◆ Exercise goal
Your answer must be the exact lines below, starting with the line with "Arket White Frosted" and going on through the line with "D&eacute;bardeur ray&eacute; en crochet", both included, with no pictures.

Provided entries START

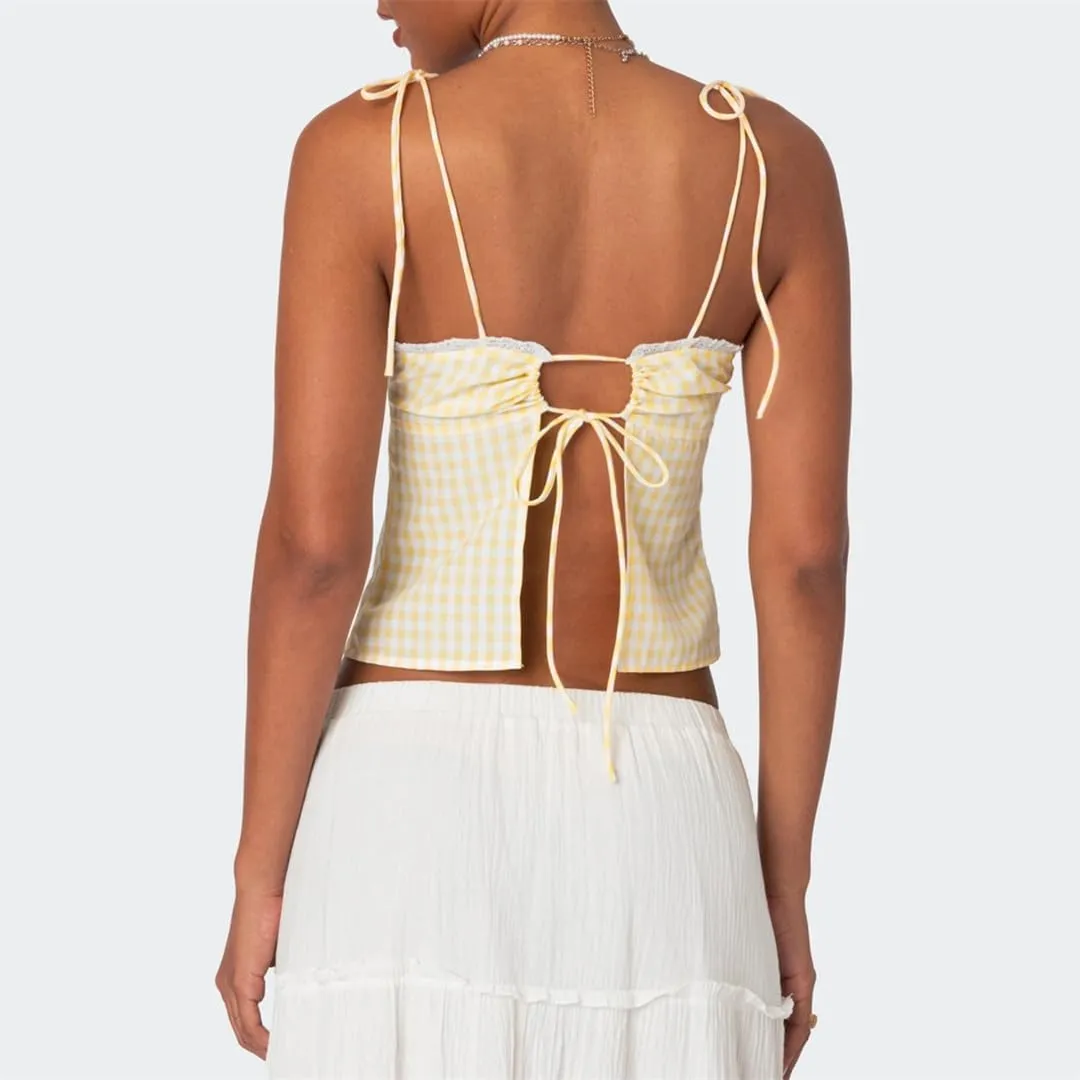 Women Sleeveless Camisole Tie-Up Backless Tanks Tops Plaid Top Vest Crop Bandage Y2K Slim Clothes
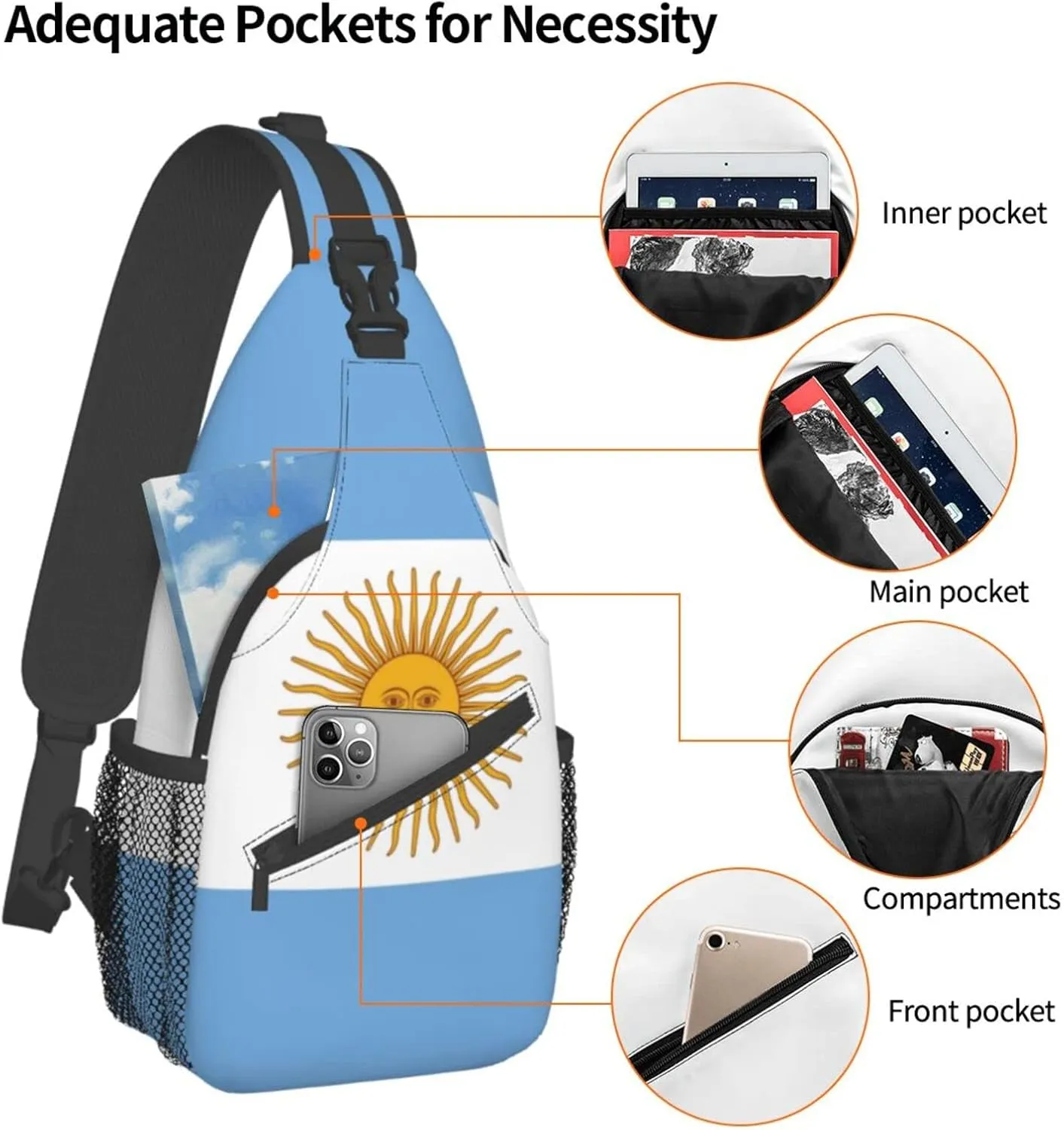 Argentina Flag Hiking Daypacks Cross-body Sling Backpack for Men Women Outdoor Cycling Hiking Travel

Provided entries END
Provided entries START

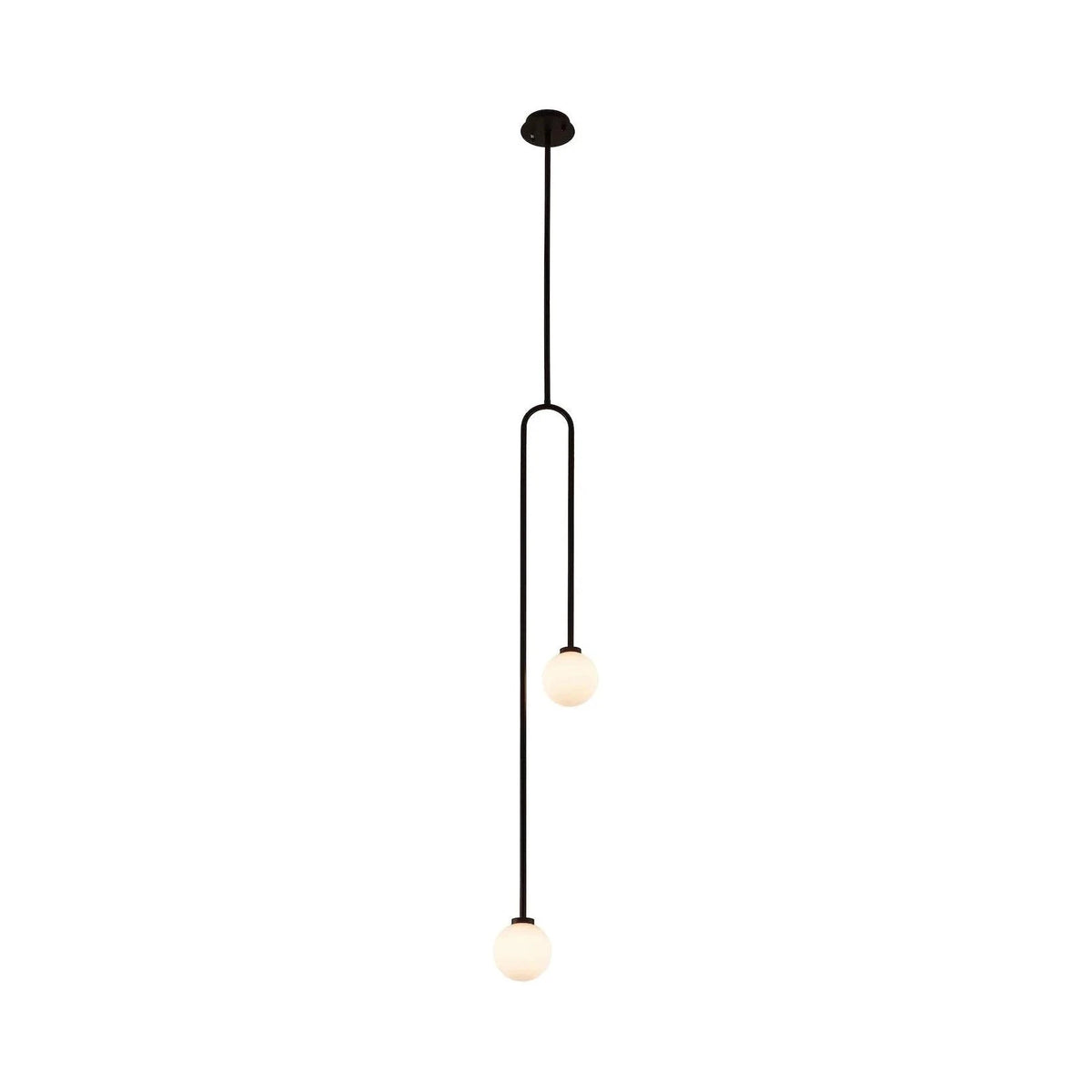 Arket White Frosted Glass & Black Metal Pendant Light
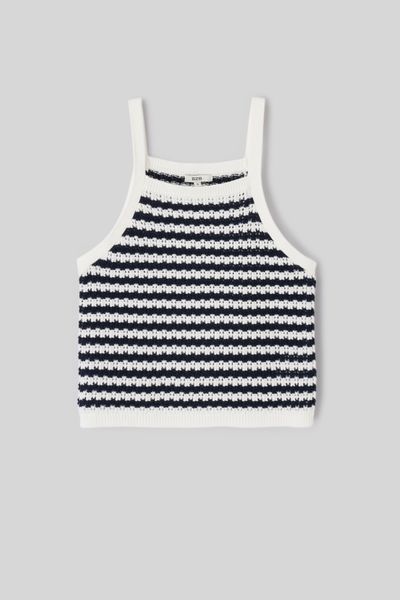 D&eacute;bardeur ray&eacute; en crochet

Provided entries END
Provided entries START

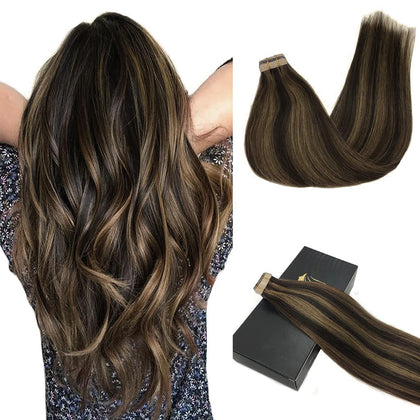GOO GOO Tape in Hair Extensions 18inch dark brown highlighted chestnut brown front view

Provided entries END

◆ Solution for this exercise
 Arket White Frosted Glass & Black Metal Pendant Light
 D&eacute;bardeur ray&eacute; en crochet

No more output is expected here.